WHAT IS NEEDED: Whatever lies between the line with "Long wooden bench" and the end of the data, both included, must be copied exactly and without pictures.

PROVIDED MATERIAL:
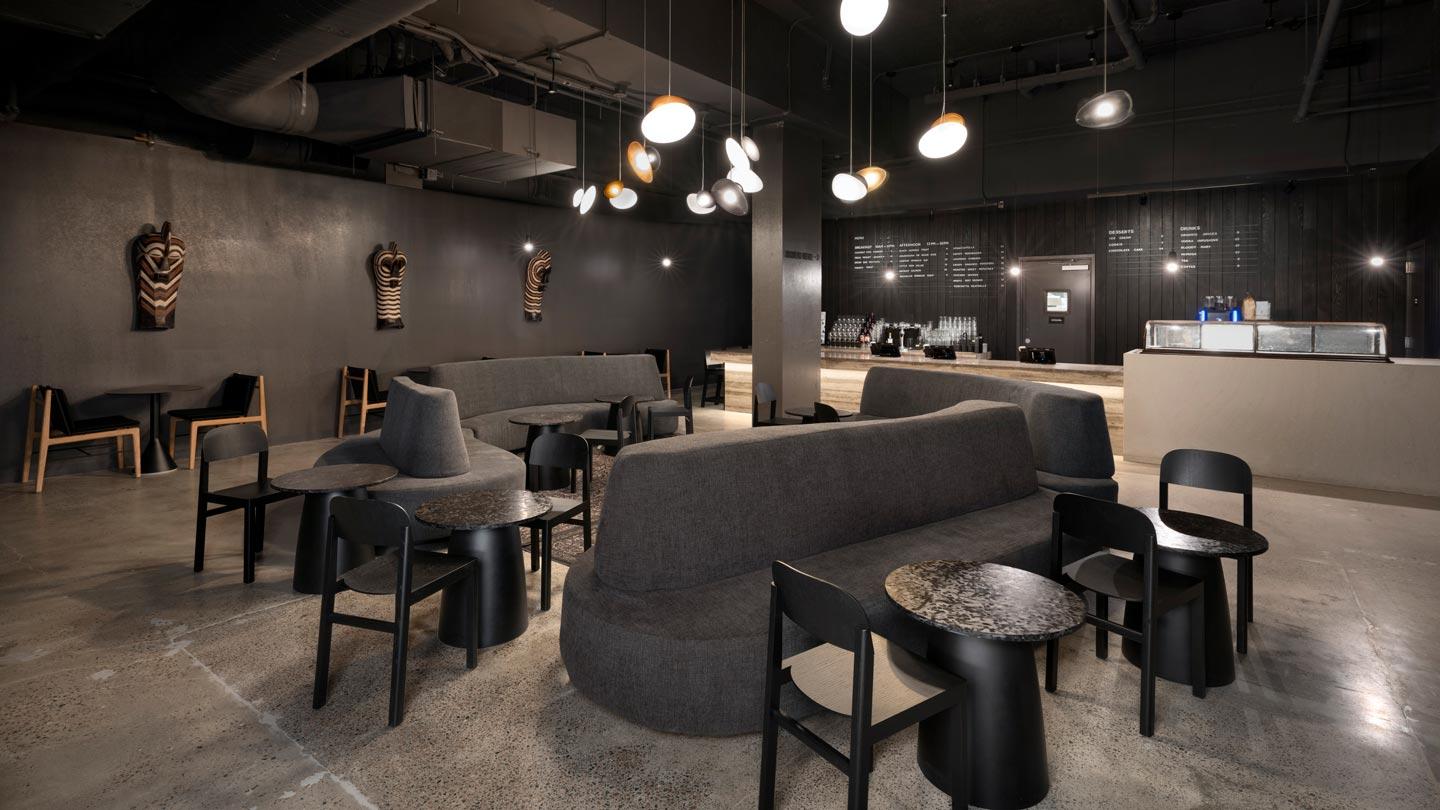 cafe with modular sofas at bathhouse flatiron, spa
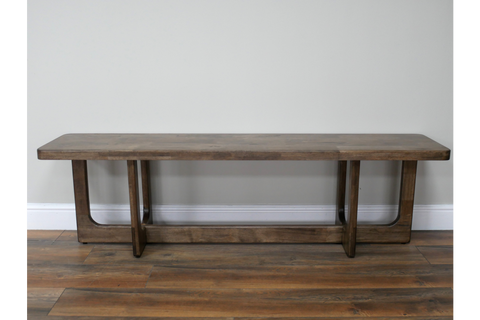 Long wooden bench with a dark brown finish, rectangular top, and sturdy U-shaped legs, shown from front on wooden floor.
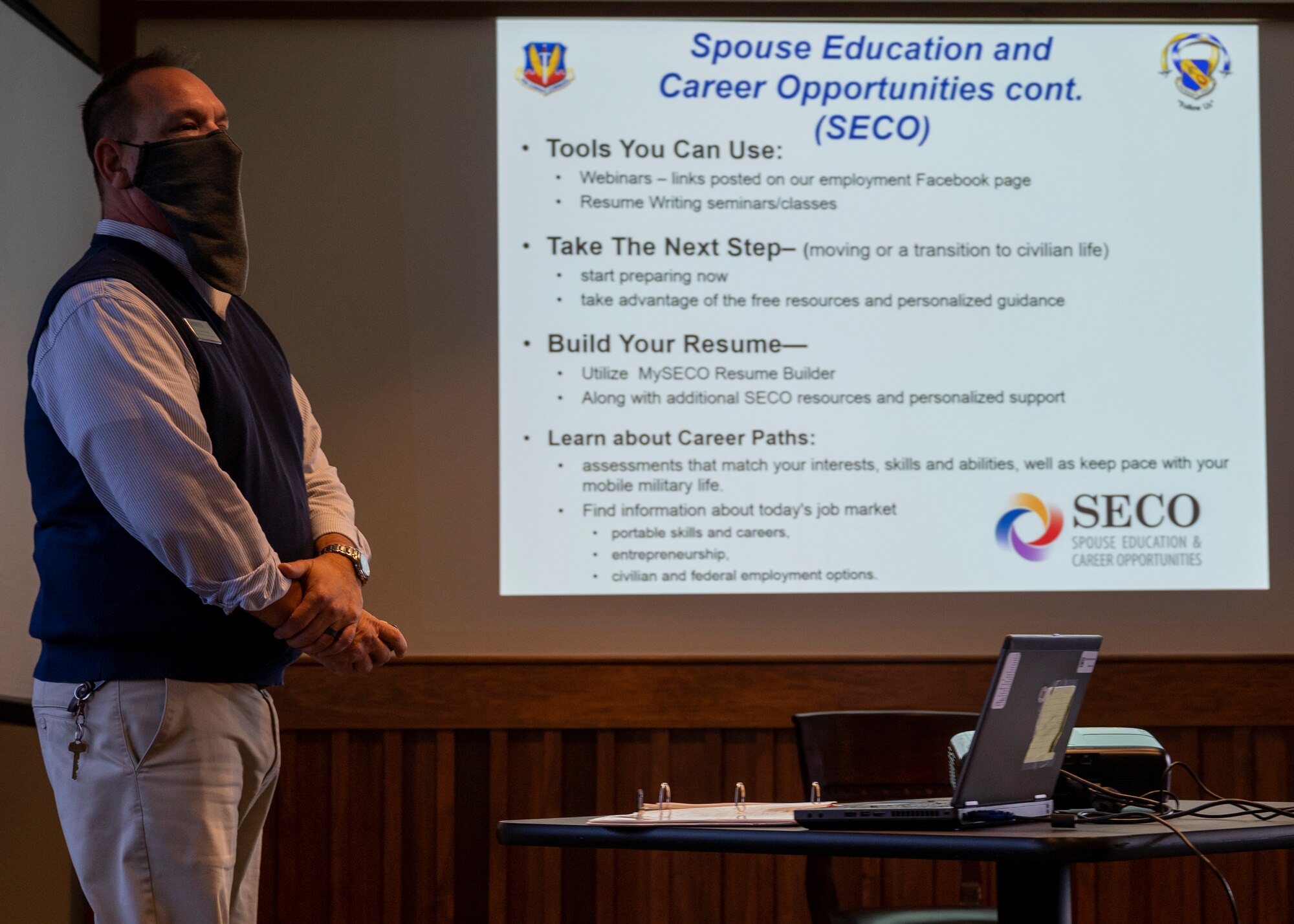 Attendees of the Spouse Education and Employment seminar receive an information folder at Seymour Johnson Air Force Base, North Carolina, Jan. 26, 2022.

FINISHED TASK:
 Long wooden bench with a dark brown finish, rectangular top, and sturdy U-shaped legs, shown from front on wooden floor.
 Attendees of the Spouse Education and Employment seminar receive an information folder at Seymour Johnson Air Force Base, North Carolina, Jan. 26, 2022.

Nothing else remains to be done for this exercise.